GEO is the natural evolution of SEO into the era of Large Language Models (LLMs) and generative search engines. While traditional SEO focuses on ranking pages in search engines built on inverted indexes and PageRank, GEO focuses on being citable by AI systems that generate synthesized answers from multiple sources.
Why GEO matters
By 2027, more than 50% of searches are projected to be AI-mediated.

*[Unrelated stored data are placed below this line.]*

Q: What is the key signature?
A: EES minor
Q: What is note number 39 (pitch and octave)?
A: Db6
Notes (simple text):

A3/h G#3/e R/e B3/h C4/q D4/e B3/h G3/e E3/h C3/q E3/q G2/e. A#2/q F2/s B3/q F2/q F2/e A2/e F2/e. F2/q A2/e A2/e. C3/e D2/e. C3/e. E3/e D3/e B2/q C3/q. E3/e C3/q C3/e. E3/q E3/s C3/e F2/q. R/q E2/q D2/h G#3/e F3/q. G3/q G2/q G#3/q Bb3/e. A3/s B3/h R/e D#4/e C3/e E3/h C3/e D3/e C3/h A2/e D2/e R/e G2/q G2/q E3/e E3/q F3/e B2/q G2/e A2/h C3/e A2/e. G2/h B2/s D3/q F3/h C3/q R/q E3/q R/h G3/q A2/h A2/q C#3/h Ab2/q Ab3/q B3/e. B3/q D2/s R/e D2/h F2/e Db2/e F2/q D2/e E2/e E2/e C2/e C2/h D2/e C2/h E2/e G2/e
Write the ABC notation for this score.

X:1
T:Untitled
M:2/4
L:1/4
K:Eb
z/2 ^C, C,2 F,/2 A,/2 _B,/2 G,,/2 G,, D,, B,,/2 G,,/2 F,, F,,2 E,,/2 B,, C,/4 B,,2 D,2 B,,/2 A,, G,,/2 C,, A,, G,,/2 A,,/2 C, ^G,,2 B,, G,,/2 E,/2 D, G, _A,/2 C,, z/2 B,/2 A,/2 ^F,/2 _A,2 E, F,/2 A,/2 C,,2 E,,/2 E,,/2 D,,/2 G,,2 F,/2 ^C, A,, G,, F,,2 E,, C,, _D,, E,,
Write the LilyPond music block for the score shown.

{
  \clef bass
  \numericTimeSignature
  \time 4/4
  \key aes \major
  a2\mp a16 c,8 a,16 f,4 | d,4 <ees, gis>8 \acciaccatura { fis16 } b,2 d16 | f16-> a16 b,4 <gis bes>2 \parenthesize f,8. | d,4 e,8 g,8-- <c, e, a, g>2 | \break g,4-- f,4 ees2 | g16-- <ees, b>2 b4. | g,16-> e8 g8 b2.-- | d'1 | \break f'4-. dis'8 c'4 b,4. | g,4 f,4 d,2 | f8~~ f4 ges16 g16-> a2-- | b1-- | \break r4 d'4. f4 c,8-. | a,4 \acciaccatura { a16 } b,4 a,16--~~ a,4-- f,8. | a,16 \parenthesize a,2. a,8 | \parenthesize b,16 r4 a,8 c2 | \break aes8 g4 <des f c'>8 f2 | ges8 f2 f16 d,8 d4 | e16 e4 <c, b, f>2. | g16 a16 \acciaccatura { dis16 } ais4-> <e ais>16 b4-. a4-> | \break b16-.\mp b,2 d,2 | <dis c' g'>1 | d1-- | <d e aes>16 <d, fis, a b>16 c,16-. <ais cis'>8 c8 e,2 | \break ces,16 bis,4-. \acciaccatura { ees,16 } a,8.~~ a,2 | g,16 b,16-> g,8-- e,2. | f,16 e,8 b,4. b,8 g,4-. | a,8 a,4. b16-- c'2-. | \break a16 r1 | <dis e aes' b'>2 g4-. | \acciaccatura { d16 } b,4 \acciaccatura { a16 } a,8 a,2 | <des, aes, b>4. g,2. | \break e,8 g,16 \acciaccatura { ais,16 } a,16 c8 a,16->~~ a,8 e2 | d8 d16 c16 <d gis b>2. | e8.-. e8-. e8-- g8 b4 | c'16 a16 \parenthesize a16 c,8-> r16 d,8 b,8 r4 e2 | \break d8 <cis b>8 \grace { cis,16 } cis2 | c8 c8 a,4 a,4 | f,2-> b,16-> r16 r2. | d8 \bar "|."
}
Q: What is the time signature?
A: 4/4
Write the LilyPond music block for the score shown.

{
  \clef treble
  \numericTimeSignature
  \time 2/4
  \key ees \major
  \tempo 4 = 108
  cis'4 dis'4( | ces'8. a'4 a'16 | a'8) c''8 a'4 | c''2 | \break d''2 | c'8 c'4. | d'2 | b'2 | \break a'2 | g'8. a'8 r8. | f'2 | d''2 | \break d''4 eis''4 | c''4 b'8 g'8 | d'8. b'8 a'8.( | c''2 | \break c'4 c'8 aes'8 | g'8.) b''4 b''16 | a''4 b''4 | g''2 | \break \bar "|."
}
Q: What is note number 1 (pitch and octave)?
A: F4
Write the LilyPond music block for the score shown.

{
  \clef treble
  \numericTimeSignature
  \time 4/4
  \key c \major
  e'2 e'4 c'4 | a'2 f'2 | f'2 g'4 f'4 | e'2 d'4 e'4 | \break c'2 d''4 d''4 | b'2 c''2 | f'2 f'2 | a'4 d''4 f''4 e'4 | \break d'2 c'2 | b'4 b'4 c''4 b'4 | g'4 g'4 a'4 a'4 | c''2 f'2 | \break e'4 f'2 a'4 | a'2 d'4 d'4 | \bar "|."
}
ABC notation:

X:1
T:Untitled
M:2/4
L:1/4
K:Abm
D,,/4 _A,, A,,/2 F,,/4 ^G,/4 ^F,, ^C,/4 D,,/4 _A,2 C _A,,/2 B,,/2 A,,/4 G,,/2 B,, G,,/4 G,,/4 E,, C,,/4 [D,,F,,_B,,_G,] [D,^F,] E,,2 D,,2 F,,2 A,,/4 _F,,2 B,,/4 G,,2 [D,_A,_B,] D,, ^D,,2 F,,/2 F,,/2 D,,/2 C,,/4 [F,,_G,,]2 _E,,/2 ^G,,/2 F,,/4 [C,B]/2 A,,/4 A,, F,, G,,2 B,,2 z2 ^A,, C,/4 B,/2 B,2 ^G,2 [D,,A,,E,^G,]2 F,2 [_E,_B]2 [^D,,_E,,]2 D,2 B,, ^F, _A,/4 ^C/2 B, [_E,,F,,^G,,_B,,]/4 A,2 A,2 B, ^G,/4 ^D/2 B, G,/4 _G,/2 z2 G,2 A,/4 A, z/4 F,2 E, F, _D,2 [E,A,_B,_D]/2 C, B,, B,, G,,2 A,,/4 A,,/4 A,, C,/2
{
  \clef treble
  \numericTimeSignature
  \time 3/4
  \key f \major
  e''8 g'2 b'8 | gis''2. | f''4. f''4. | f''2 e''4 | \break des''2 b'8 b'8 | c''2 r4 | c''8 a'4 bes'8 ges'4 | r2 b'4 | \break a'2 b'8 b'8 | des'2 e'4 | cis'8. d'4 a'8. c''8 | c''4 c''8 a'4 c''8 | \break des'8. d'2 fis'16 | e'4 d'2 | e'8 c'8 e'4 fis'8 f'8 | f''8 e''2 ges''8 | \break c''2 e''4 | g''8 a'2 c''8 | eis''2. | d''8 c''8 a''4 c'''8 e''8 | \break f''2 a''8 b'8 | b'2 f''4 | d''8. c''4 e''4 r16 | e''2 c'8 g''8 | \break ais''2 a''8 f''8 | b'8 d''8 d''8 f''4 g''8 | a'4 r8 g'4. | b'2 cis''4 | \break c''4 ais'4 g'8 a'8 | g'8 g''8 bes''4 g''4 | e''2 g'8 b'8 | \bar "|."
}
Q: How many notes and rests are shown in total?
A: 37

Brands that don't optimize their content to be retrievable and citable by LLMs will lose visibility exponentially.
Core pillars of GEO
- Entity clarity: clearly defining who you are, what you do, and in which context, using structured data (Schema.org) and files like llms.txt.
- Factual, citable content: self-contained text blocks with verifiable claims and sources.
- Semantic structure: semantic HTML, heading hierarchy, lists, and tables that LLMs can parse confidently.
- Source authority: E-E-A-T signals (Experience, Expertise, Authoritativeness, Trustworthiness) with identified author, dates, citations.
- Own knowledge graph: connecting domain entities to each other via
@graph,mentions, andabout.
GEO vs SEO: key differences
SEO ranks pages; GEO makes the brand cited in the answer. In generative engines, users often don't click any link — they read the synthesized response. Being in the response is the new "being on the first page".